新型コロナウイルスの感染拡大以降、「気持ちが悪い」「頭が痛い」といった理由で学校に行けないお子さんが増えているように感じます。心療内科に関わる症状を示す子どもも少なくありません。以前、総合病院に勤務していた頃は、周囲の開業医の先生方から、こうしたお子さんの検査依頼を受けることも多くありました。また、子どものアレルギー、特に花粉症は年々増加傾向にあります。喘息はコントロールがしやすくなってきた一方で、小さい頃から花粉症に悩む子が増えているのです。当院では、採血によるアレルギー検査を行い、適切な治療につなげています。ご家庭では、食欲の低下、朝起きられない、頭痛や腹痛を頻繁に訴えるなどの変化があれば、早めに相談してください。
エックス線検査室もあるそうですね。

病院勤務だった頃、地域のクリニックに通うお子さんの咳が長引くと、親御さんが「肺炎ではないか?」と心配されて病院に連れてこられるケースが多くありました。ほとんどの場合、かかりつけのクリニックにはエックス線検査の設備がなく、病院で詳しく撮影してほしいというご要望だったんです。その経験から、地域のクリニックでも迅速に検査できる環境を整えたいと考え、エックス線検査室の導入を決めました。開院して間もない頃、検査で肺炎を早期に見つけられたケースもあり、導入して良かったと感じています。エックス線検査は、咳や発熱が長引く場合や、胸の痛み・呼吸の異常がある時に特に役立ちます。かかりつけの医院で検査ができることは、親御さんにとっても大きな安心につながりますし、必要に応じて速やかに専門医療機関へ紹介することも可能です。「不安をできるだけ早く解消したい」という想いで、設備面も工夫を重ねています。
小児科経験豊富なスタッフとともに地域医療に貢献
スタッフの方々についても教えてください。

ありがたいことに、当院の看護師や事務スタッフは小児科での勤務経験がある方ばかりです。看護師はみんな、お子さんへの接し方がとても上手で、頼もしい存在です。浣腸などの処置にも慣れていますし、当院ではアレルギー検査のために小さなお子さんの採血を行うことがありますが、採血が上手なスタッフがそろっているので安心です。毎朝の朝礼では「患者さんお一人お一人を大切にしましょう」という言葉を共有し、スタッフ同士も日常会話を交えながら、笑顔でコミュニケーションを取っています。これからもチーム全員で、地域の皆さんに寄り添っていきたいと思います。
院内を設計する上で、工夫されたところはありますか?
診察室は3部屋あるのですが、そのうちの1つは発熱の外来専用にして、一般の患者さんと待合室で同席しないよう、動線を分けています。これは新型コロナウイルスの感染症拡大時の経験なども踏まえ、計画していたことの一つですね。また、院内はすべてバリアフリーに設計していて、ベビーカーのまま待合室から診察室、トイレまで段差なしで移動できます。子ども用トイレを併設した広めのトイレルームも設け、待合室の横には授乳室もあります。車での通院もしやすいようにと、駐車場は5台分確保しました。待合室にはデジタルサイネージを設置し、呼び出しや情報提供に活用することで、少しでも快適な時間を過ごせるよう工夫しています。「ここに来れば安心」そんな場所でありたいと考え、細部まで心を込め設計しました。
今後の展望と読者へのメッセージをお願いします。

僕自身が小さい頃に通っていたクリニックで、子どもが「先生、ありがとう」と笑顔で帰っていく姿に憧れていました。当院も、そんなふうに子どもたちから喜んでもらえる場所にしたいと思っています。
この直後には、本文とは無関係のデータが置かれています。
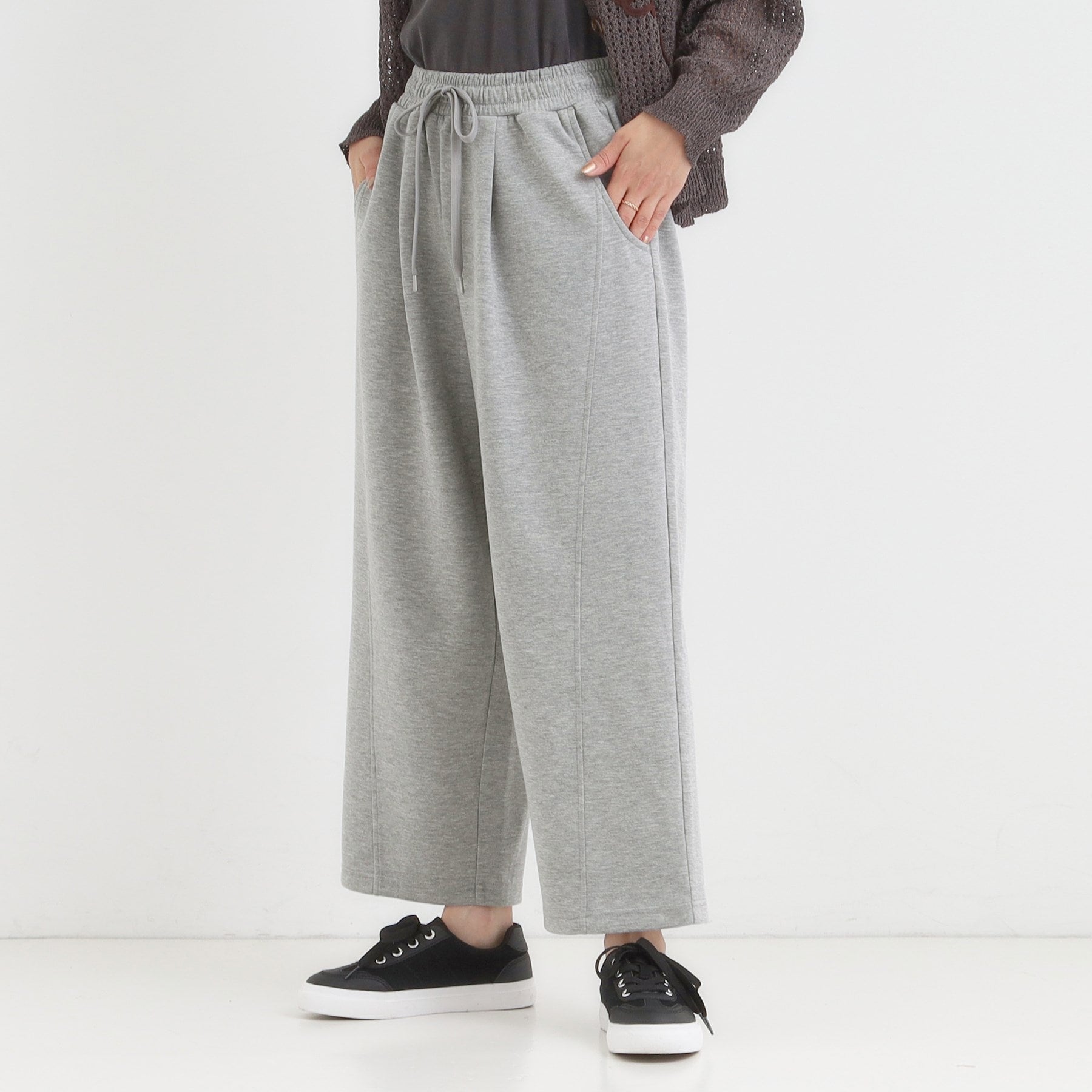 キューティーブロンド Cutie Blonde ダンボールスウェットカーブパンツ （ライトグレー(011)） ライトグレー(011)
もちろん、お子さんだけでなく、ご家族も含めて地域の幅広い年齢層の方々に頼っていただける存在になることが目標です。風邪や発熱、咳などのちょっとした症状でも、「ここなら安心!」と思っていただける雰囲気を、スタッフと一緒につくっていきます。困ったことがあれば、どうぞ気軽にご相談ください。皆さんの不安を少しでも早く取り除き、笑顔で過ごせる毎日をサポートしたいと考えています。